The pattern we keep seeing

Across our recent matters, the story is depressingly familiar:

  • A manager makes a quick decision to discipline or terminate because they’re frustrated, fed up or under pressure.
  • The employee has recently raised a complaint, a safety issue, a pay query, or taken personal leave.
  • The dismissal or disciplinary action is poorly documented, rushed, and framed around “attitude” or “not a good fit”.
  • Only after the dismissal do we get the call to “help fix it”. By then, key choices are locked in and the risk profile is already high.

You cannot “un-dismiss” an employee in the eyes of the Commission. Once the termination has occurred, we are managing damage, not preventing it.

One simple discipline: Call before you act

The most effective risk control we have is also the simplest:

PAUSE BEFORE YOU DISMISS - CALL MTA FIRST.

Before you:

  • issue a final warning,
  • stand someone down, or
  • terminate employment (especially in probation or following a complaint, safety concern or leave issue),

pick up the phone and speak to the MTA Employment Relations team.

That one step allows us to:

  • Check whether general protections risks are present (recent complaints, use of workplace rights, union issues, discrimination factors).
  • Test whether the proposed reason stacks up against the evidence you actually have – not just what people “feel”.
  • Help you structure a lawful process (meetings, letters, timeframes) that the Commission is more likely to view as fair.
  • Suggest alternatives – performance management, warning, counselling, medical capability process – where an immediate termination is likely to create more problems than it solves.

Often a 10-minute call at the beginning avoids a 10-month saga at the end.

A changing Commission - and a tougher environment

The President has been blunt: the current rate of growth in dismissal claims is unsustainable and is already affecting the Commission’s ability to deal with other important work.
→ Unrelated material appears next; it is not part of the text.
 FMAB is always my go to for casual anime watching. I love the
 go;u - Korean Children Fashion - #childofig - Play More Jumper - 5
In response, the Commission is tightening its case management processes in general protections matters – including more rigorous scrutiny of out-of-time applications and representation, and a stronger focus on early, settlement-driven conferences.
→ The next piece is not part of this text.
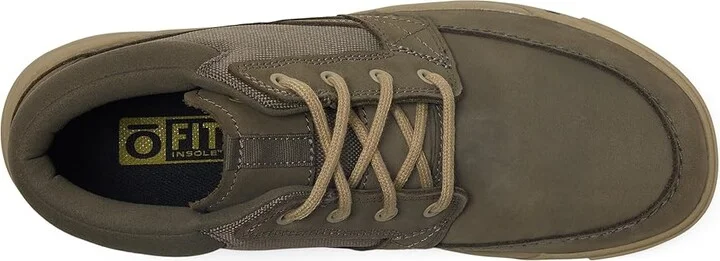 Oboz Burke Chukka Men's Shoes Grizzly : 9.5 D - Medium, Leather - Image 7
presidents-statement-gp-changes…

That means:

  • more structured, faster processes once a claim is lodged;
  • less room to “wing it” in conferences; and
  • even more need to have your decision-making, documentation and process in order before you press the trigger.

The message for members

The trend is clear: more claims, more aggressive use of general protections, more paid agents, and more pressure on the system. Our own caseload confirms that the automotive industry is very much in the firing line.
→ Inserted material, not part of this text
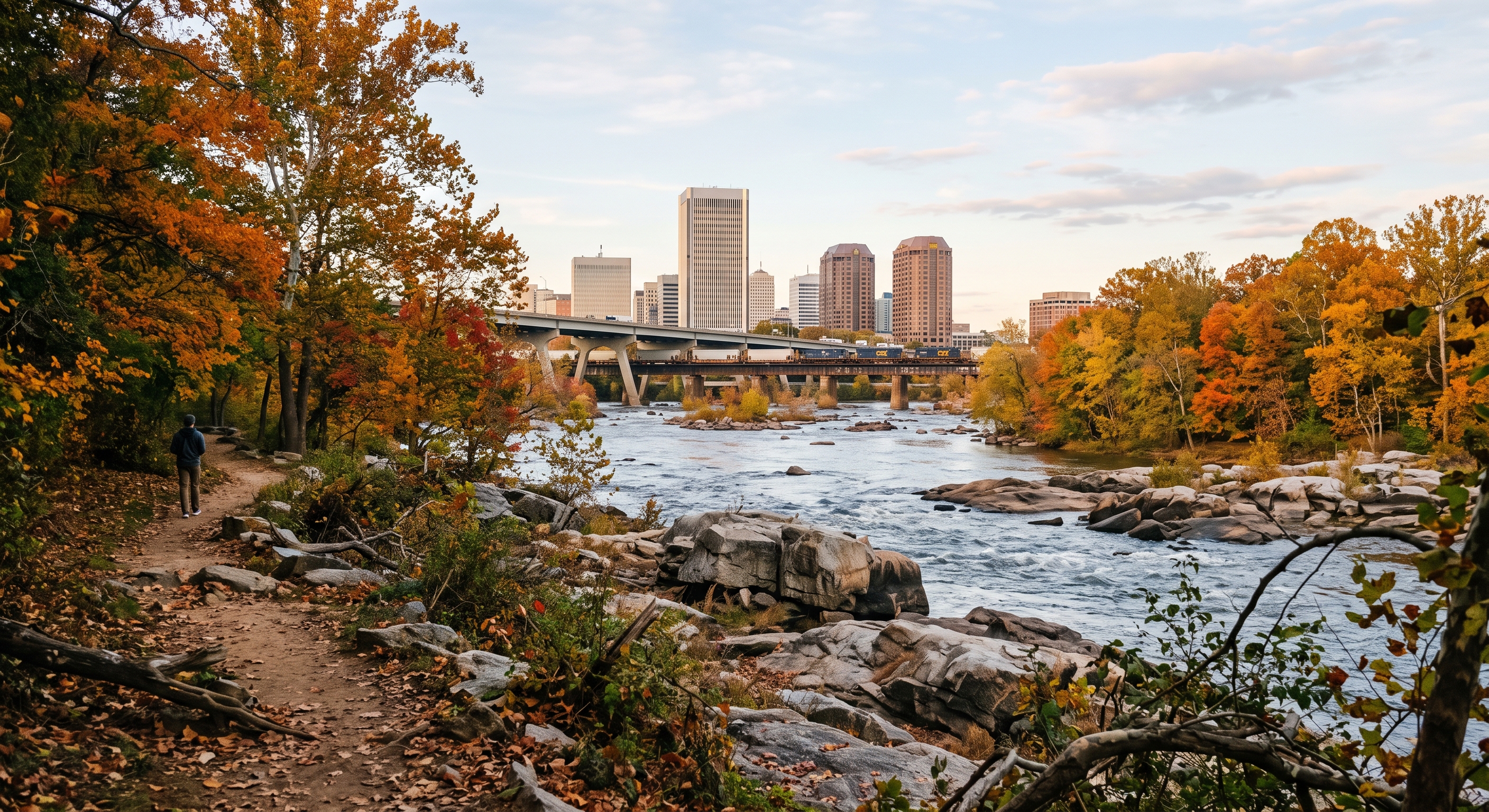 Fall in RVA Without a Ticket: Free Things to Do in Richmond This Fall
You cannot control whether an employee decides to lodge a claim. But you can control how disciplined your decision-making is before you discipline or dismiss.

For members, the simplest rule of thumb is:

“Pause before you dismiss - call MTA NSW first.”

Build that into your internal practice. Make it part of your managers’ training. If you are angry, frustrated, or tempted to “just end it”, that is exactly the moment to stop and pick up the phone.

One calm conversation now is worth far more than a rushed decision and a Fair Work case later.